もちろん無制限でなにをやってもいい、というわけではなく、あくまでもしっかりとマスクを着用の上、客席も通常の50%に間引く、という条件つきでの実験的な開催となったが、紙テープが投げやすいアリーナ席は早々に完売。いかに観客がこの日を待ち望んでいたのかがわかる。
その喜びを真っ先に体感したのがアップアップガールズ(プロレス)のメンバーだった。東京女子プロレスといえば、SKE48の現役メンバー・荒井優希が注目されがちだが、じつはアイドルとプロレスラーを両立している存在はかねてからいるのだ。両方やることを前提としたオーディションに応募してきた彼女たちは、試合前の歌のコーナー(昭和から続いている女子プロレス界の伝統でもある)でアイドルとしてリング上で楽曲を披露し、そのあとプロレスラーとして試合をしている。
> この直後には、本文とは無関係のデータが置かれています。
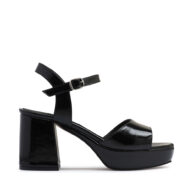 Sandalias de charol color negro con plataforma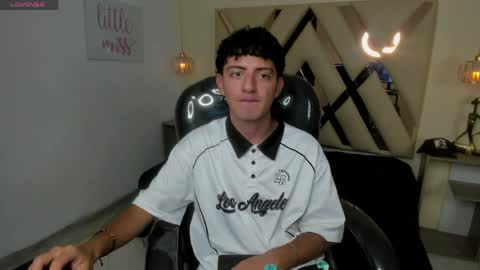 xebastwink online show from April 2026 07:47:02 PM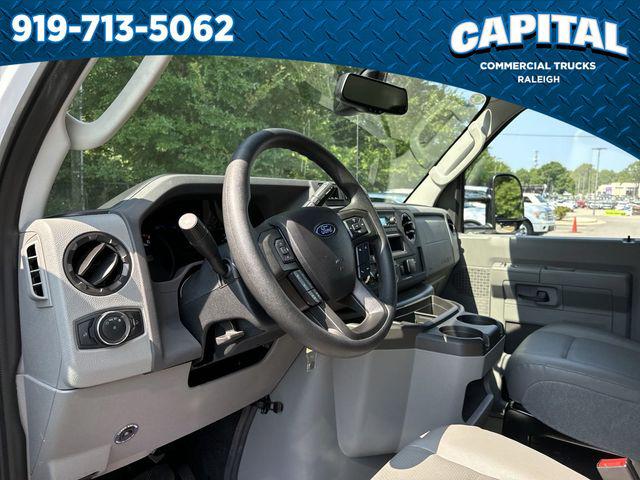 2025 Ford E-350 Cutaway 14FT BOX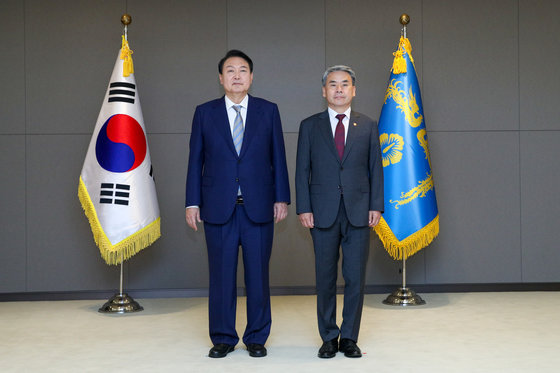 윤석열 대통령(왼쪽)과 이종섭 국방부 장관. 대통령실 사진기자단
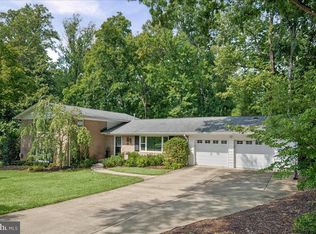 4000 Mavis Ct, Alexandria, VA 22309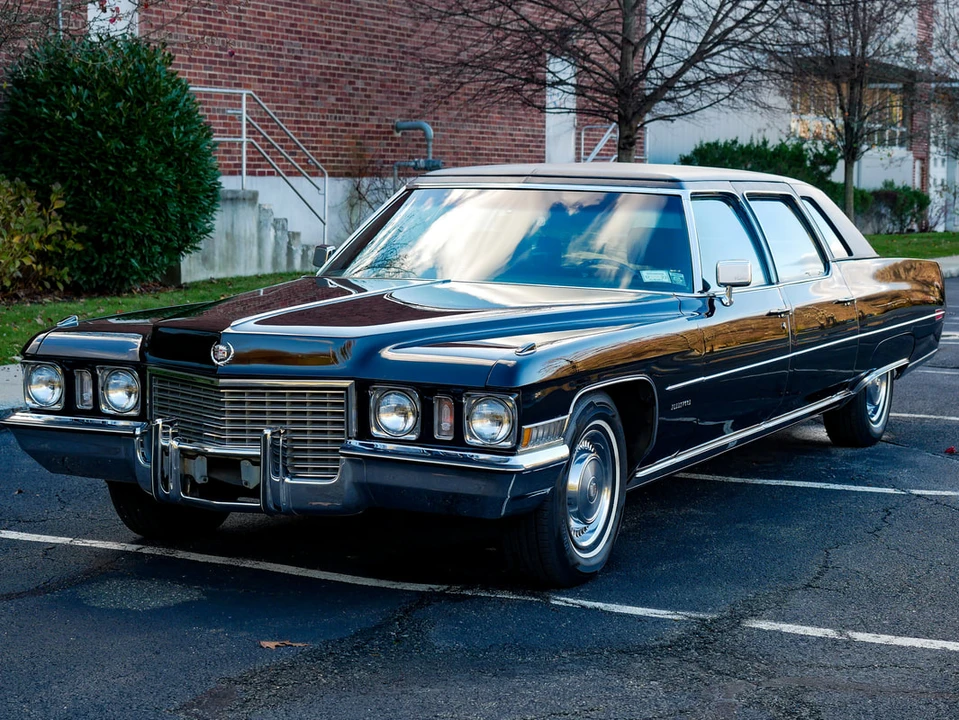1972 Cadillac Series 70 & 75 - Image 6 of 31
この日もいつものように歌を披露したのだが、ずっと聴くことができなかった客席からの歓声とコールに包まれて、メンバーは泣いた。
「最初はちゃんと『ありがとうございました!』とお礼を言って、2曲目を歌うつもりでいたんですけど、実際にみなさんの声援を聞いてしまったら……やっぱり泣いちゃいましたね。本当に久しぶりのことだったので」
そう語るメンバーの渡辺未詩は、この日、プロレスラーとしても大事な試合が待ち構えていた。当初は初来日の外国人選手を迎え撃つ予定だったが、来日が遅れてしまったため、急きょ、対戦相手がフリーの水波綾に変更となった。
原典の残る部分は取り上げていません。